Национальное сознание казачества
В первые месяцы 1648 года казацкий сотник Богдан Хмельницкий повел людей, известных московским элитам как «черкасы», в дерзкое восстание против Речи Посполитой. Первое время казаки опирались на помощь крымских татар, но вскоре их восстание получило мощную поддержку широких масс населения, а потом и шляхты тех земель, которые и сегодня входят в состав Украины. В долговременном плане восстание привело к перекройке политической карты Восточной Европы и существенно повлияло на нациеобразующий процесс в регионе, став важной вехой в формировании модерной украинской идентичности и тем самым повлияв на развитие отдельных идентичностей и в России, и в Беларуси
[90]. Что же можно сказать о последствиях восстания для конструирования национальных идентичностей в кратковременной перспективе? Действительно ли можно считать его «национально-освободительной войной украинского народа», как предлагают некоторые современные украинские историки?
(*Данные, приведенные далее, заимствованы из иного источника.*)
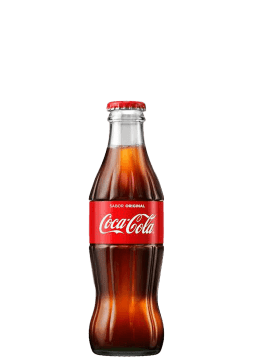 Refrigerante Coca-cola Normal One Way 250ml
В первых реляциях о восстании его воспринимали таким, каким оно на первых порах и было — казацкими беспорядками. Такое представление разделяли и предводители восстания, и люди, которые пытались его подавить. Жалобы казачества составляли стержень требований, с которыми выступали мятежники. Учитывая то, что правительство сначала планировало подавить это восстание русских православных казаков при помощи отрядов, которые состояли преимущественно из других русских православных казаков, ни одна из сторон конфликта не имела оснований апеллировать к обособленной этнонациональной или религиозной лояльности участников
[91]. Ситуация кардинально изменилась, когда восстание перешло в ряды лояльных к правительству реестровых казаков, а победы казаков над польской регулярной армией в мае 1648 года дали толчок народному восстанию, которое вскоре приобрело выраженные этнические черты, обернувшись, главным образом, войной против поляков и евреев. Эти две этнические категории были связаны с религиозными (католики и иудеи) и социальными (землевладельцы и арендаторы) признаками, хотя зачастую к полякам причисляли полонизированных русских шляхтичей. Предводители восстания воспользовались новыми обстоятельствами и беспрецедентными возможностями, которые были открыты ими для позиционирования себя как лидеров православной Руси. Таким образом, в июне 1648 года Хмельницкий в письмах начал обращаться к властям с требованиями, касавшимися защиты прав Православной церкви в таких далеких от казацких земель местах, как город Красностав на крайнем западе украинской этнической территории
[92]. Под конец 1648 года казацкие отряды достигли польско-украинской этнической границы и неожиданно (с военно-стратегической точки зрения) остановились. Объяснение подобных действий следует искать в культурной плоскости. Хмельницкий сумел взять украинские земли под контроль отчасти благодаря тому, что, как отметил в июне 1648 года коронный подканцлер Анджей Лещинский, «вся Русь бежит от нас к нему и настежь открывает перед ним врата городов»
[93]. Такая встреча никак не была гарантирована казацкому гетману на польской территории.